Segment Start: Extracted records
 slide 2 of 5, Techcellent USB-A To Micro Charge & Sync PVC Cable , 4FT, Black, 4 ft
Segment End: Extracted records
Segment Start: Extracted records
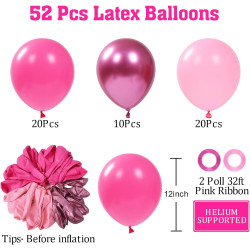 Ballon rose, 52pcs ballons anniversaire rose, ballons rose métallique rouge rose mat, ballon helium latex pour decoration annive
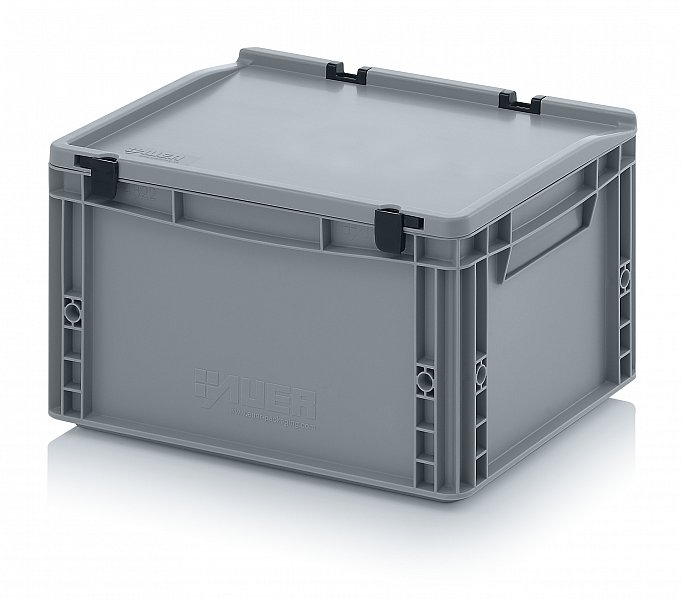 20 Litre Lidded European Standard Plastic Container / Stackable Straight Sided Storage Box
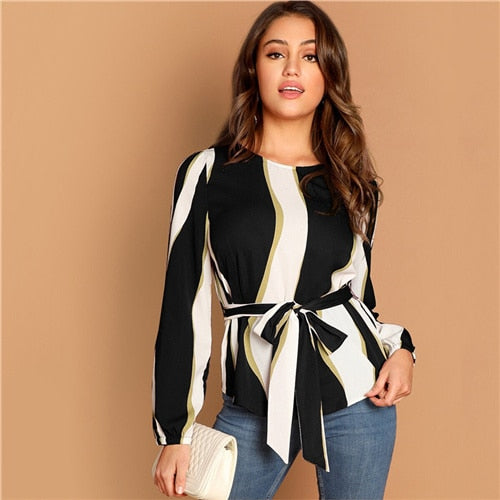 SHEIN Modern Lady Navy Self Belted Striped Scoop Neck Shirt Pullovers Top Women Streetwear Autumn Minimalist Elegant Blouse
Segment End: Extracted records
Segment Start: Extracted records
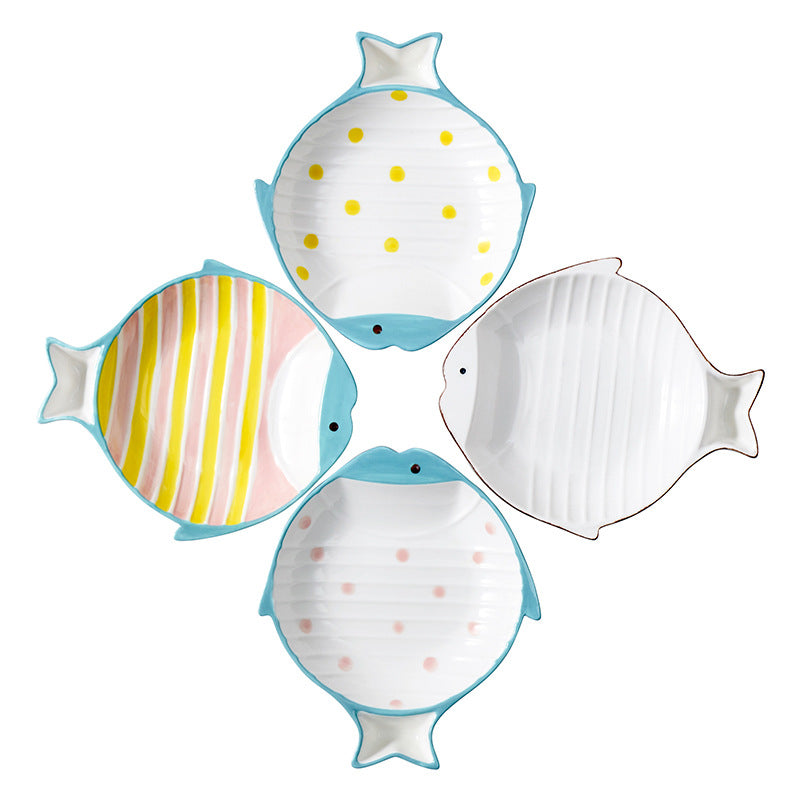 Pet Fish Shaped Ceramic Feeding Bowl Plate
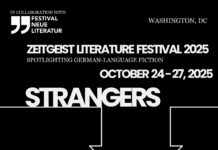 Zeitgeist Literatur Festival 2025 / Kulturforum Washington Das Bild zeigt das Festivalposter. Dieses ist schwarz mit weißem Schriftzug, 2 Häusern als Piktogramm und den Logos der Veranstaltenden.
Segment End: Extracted records
Exercise brief:
Given the listing above, retype only the span of lines from the line with "Pet Fish Shaped Ceramic Feeding Bowl Plate" up to and including the line with "Zeitgeist Literatur Festival", exactly as it stands and without pictures.

Response to this task:
 Pet Fish Shaped Ceramic Feeding Bowl Plate
 Zeitgeist Literatur Festival 2025 / Kulturforum Washington Das Bild zeigt das Festivalposter. Dieses ist schwarz mit weißem Schriftzug, 2 Häusern als Piktogramm und den Logos der Veranstaltenden.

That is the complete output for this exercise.